> Problem to solve: Word for word, repeat the lines of the records from the one containing "ZooeyBelair webcam" through the last line, both included.

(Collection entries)
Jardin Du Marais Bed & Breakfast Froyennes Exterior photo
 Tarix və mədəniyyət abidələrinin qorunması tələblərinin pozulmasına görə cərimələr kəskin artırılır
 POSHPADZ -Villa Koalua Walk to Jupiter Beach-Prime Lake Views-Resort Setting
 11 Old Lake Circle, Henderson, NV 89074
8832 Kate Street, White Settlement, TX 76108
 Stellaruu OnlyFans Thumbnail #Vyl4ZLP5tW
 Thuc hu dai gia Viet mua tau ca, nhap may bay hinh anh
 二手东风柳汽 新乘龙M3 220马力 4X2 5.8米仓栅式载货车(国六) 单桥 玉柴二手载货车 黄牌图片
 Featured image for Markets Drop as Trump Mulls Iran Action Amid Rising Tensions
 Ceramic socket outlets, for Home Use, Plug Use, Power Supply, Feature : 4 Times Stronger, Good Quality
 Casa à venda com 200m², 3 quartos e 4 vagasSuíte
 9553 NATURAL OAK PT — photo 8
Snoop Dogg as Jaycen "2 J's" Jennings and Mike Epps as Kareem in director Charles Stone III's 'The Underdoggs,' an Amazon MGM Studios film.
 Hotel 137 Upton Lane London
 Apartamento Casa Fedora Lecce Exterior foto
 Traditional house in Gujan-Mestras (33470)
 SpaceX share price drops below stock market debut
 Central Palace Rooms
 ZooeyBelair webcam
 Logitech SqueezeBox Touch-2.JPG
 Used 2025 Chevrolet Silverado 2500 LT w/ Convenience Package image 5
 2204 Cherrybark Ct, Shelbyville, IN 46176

> Output for this exercise:
 ZooeyBelair webcam
 Logitech SqueezeBox Touch-2.JPG
 Used 2025 Chevrolet Silverado 2500 LT w/ Convenience Package image 5
 2204 Cherrybark Ct, Shelbyville, IN 46176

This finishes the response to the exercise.